Pseudocricetodontinae

Scientific classification
- Kingdom: Animalia
- Phylum: Chordata
- Class: Mammalia
- Order: Rodentia
- Family: Cricetidae
- Subfamily: †Pseudocricetodontinae Engesser, 1987

= Pseudocricetodontinae =

Subfamily of rodents

Pseudocricetodontinae is a subfamily of extinct mice of the family Cricetidae. Pseudocricetodontinae species were common in the southeast part of Serbia.

== History ==
These mice were probably the first rodent during the late Eocene or early Oligocene in age to be in balkan area. The name Pseudocricetodontinae was coined by Burkart Engesser, a Swiss palaeontologist and zoologist, in 1987.

== Taxonomy ==
There has been a lot of debate over the evolution of Pseudocricetodontinae (as is the case with many mice). Many palaeontologists have been working on following the evolution of Pseudocricetodontinae.
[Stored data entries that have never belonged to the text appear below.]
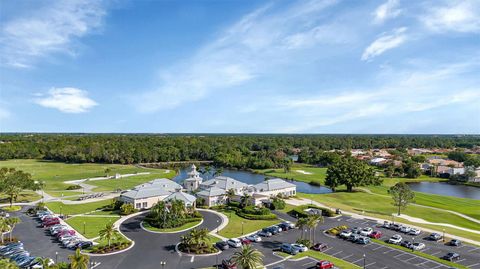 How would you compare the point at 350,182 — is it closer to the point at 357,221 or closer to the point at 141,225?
the point at 357,221

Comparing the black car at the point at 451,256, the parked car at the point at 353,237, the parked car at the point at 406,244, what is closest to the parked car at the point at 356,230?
the parked car at the point at 353,237

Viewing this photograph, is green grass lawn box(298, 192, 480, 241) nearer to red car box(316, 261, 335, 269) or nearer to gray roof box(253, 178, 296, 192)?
gray roof box(253, 178, 296, 192)

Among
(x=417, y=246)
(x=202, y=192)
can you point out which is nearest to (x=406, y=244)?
(x=417, y=246)

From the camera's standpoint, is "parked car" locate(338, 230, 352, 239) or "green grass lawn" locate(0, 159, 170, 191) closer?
"parked car" locate(338, 230, 352, 239)

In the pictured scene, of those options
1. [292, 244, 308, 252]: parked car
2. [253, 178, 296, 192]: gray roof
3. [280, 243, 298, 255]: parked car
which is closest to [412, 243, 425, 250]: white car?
[292, 244, 308, 252]: parked car

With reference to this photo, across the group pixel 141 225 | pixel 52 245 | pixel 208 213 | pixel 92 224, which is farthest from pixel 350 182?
pixel 52 245

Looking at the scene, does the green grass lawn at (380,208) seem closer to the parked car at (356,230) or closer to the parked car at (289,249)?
the parked car at (356,230)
Some of the way that these palaeontologists have been trying to identify the taxonomy of this clade, is using their:

- Molars and teeth enamel;
- Hollows in the cheek; and
- The cusps in the cheeks.
Lots of mammals can be identified by their molars and other parts of their mouth. All mammals have what are known as cheek teeth, such as molars that are adapted to accomplish certain tasks. These teeth can be essential for tracking the evolution of mammals, and is often used to identify rodents.

Identifying this taxonomy has been a slightly challenging task as all of this information is coming from the rare fossils of these mice.